Please, from the entries below, transcribe exactly the lines that begin at the line with "Used 2012 Nissan" and end at the line with "Білий Мерседес Sprinter, об'ємом", without the pictures.

- _DATA SECTION_

_ _ _

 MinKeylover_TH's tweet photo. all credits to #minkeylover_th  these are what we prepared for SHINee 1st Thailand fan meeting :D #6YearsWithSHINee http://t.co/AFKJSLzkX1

_ _ _

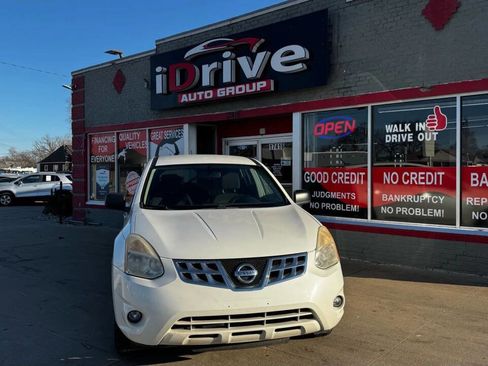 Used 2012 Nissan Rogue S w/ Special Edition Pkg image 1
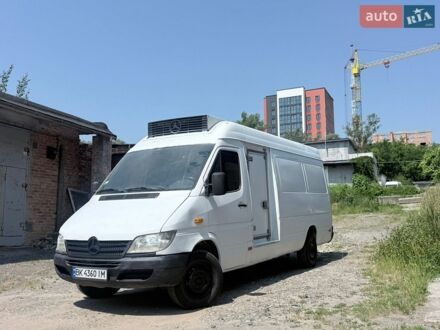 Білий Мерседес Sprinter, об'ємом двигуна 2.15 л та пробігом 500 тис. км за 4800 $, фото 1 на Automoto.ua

_ _ _

- _RESULT BELOW_
 Used 2012 Nissan Rogue S w/ Special Edition Pkg image 1
 Білий Мерседес Sprinter, об'ємом двигуна 2.15 л та пробігом 500 тис. км за 4800 $, фото 1 на Automoto.ua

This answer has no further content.